4 tablespoons olive oil or coconut oil or 2 tablespoons schmaltz or lard
2–3 cups assorted vegetables (such as asparagus, cherry tomatoes, onions, leeks, broccoli florets, peas, bell peppers, spinach, or swiss chard), roughly chopped into bite-size pieces
1/2 teaspoon each salt and pepper
1/2 teaspoon paprika
12 large eggs
Optional: pastured cheese, grated or in small chunks; pastured, nitrate-free bacon or ham, cut into small pieces
1. Preheat the oven to 350°F.
2. Heat a cast-iron pan or large sauté pan over medium-high heat and add the oil or fat. When it moves easily around the pan, add the vegetables. Sauté until they’re just tender, 5 to 8 minutes.
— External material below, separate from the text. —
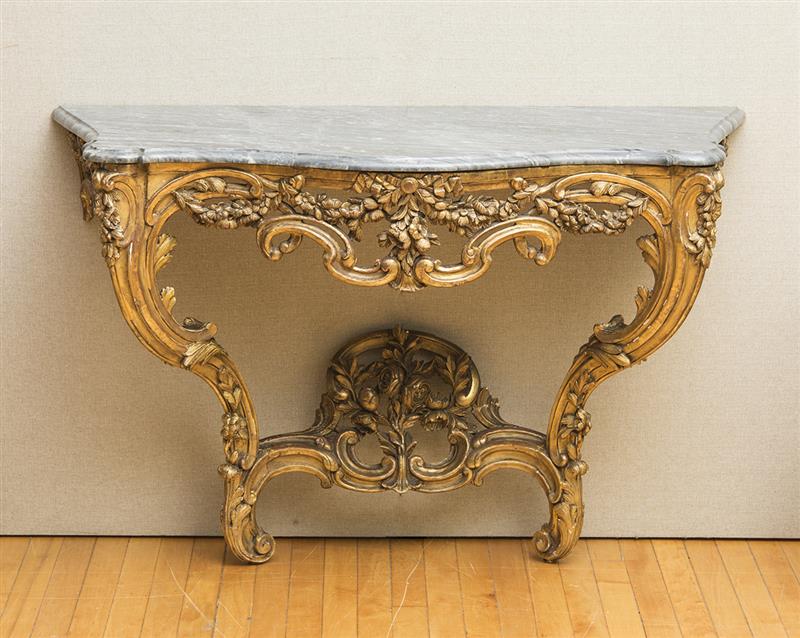 Appraisal: Louis XV Style Giltwood Console with Marble Top x x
Add the salt, pepper, and paprika.
3. While the vegetables are cooking, beat the eggs until frothy in a medium mixing bowl.
4. Reduce the heat to low-medium and pour the eggs over the vegetable mixture, as well as any cheese or bacon you’re using. Continue cooking until you can see the eggs at the edges of the pan starting to set. Gently pull back the cooked edges with the spatula so that more liquid runs over the edge. When the egg is mostly set, transfer the pan to the oven and cook for another 10 to 15 minutes, until the top is just golden brown and the eggs have set in the center.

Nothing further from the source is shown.